Produced by Steve Urquhart, the series is split into four episodes, each referencing the record and playback function of the cassette tape system: Play, Rewind, Pause and Fast Forward.

(Image: Miriam Ali)

From sharing moments of joy to ones of heartbreak, series narrator Tabassum Niamat takes listeners on a journey charting individual and familial experiences of using tape letters, as well as reflecting upon questions around migration, language, identity and what it means to be Scottish-Pakistani.

First launched in 2018, Tape Letters is a pioneering social-history project by Modus Arts, which aims to unearth, archive, and represent a portrait of this method of communication for Pakistani families and communities in the UK between 1960-1980.

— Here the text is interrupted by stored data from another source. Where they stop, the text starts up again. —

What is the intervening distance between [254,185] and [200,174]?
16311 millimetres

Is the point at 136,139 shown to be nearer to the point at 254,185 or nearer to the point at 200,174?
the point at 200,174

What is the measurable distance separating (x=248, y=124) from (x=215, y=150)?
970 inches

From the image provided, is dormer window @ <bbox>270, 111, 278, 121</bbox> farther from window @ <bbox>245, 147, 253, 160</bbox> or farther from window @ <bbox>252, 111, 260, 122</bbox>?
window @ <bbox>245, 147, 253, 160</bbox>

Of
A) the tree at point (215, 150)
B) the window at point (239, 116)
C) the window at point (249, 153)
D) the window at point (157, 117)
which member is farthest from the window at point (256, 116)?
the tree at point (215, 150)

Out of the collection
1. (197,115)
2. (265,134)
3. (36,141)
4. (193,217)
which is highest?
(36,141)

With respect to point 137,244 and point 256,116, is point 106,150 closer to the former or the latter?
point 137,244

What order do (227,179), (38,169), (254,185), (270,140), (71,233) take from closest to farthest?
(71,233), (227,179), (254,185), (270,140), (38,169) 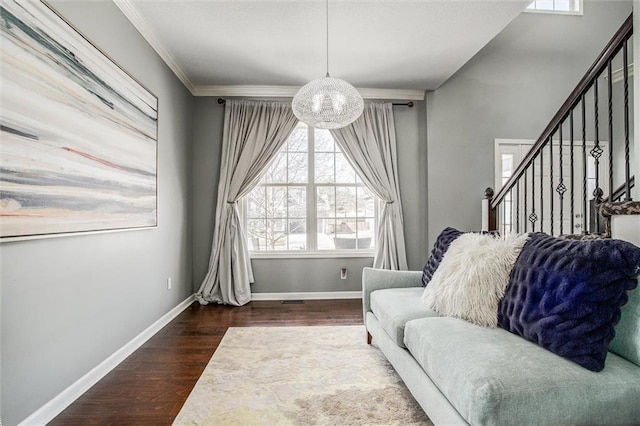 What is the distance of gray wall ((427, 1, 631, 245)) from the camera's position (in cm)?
421

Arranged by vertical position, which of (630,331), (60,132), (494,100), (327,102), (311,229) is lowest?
(630,331)

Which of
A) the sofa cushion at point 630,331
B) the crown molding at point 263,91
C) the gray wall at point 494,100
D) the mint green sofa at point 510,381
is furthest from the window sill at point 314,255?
the sofa cushion at point 630,331

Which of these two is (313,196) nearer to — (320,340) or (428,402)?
(320,340)

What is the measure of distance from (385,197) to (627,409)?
319 centimetres

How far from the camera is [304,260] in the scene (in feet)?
14.0

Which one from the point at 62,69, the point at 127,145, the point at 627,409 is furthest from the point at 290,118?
the point at 627,409

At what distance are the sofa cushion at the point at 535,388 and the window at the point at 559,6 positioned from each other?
15.6ft

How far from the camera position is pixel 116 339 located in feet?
7.79

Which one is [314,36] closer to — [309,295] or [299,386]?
[299,386]

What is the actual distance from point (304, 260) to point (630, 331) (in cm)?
330

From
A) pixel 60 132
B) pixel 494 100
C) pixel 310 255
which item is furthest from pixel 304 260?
pixel 494 100

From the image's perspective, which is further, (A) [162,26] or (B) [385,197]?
(B) [385,197]

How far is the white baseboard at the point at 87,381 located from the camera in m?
1.69

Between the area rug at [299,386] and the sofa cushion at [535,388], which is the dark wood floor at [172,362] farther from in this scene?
the sofa cushion at [535,388]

The project began with Modus Arts Director, Wajid Yaseen, discovering his own family’s history of sending personalised cassette tapes to relatives.

(Image: Miriam Ali)

A series of three audio-visual exhibitions showcasing the stories and experiences of individuals and families interviewed as part of the project are currently on display at the Museum of Edinburgh, Tramway, Glasgow, and Dundee Central Library.

Tape Letters Scotland is also set to launch a WebXR-based digital exhibition this month, as well as an educational resource for early secondary school classes.

Yaseen said: “Sound as a medium is inherently at the heart of the Tape Letters Scotland project and podcasts are a natural platform, reflecting the way that people listened to these cassettes in the first place.

(Image: Miriam Ali)

“We look forward to sharing the series with both people from the Scottish-Pakistani community themselves and second or third generation listeners interested in the heritage and history of their own community, while also introducing new audiences across the UK and beyond to this important area of social history and many of the universal themes the series explores.

“Steve Urquhart’s use of ‘audio transport’ as a thematic framing for each episode (play, rewind, pause, fast forward) is conceptually pleasing and means universality is kept at its heart. It reminds us that when we use these functions online, when we press ‘play,’ that triangle derives from these physical, mechanical buttons on a tape recorder.”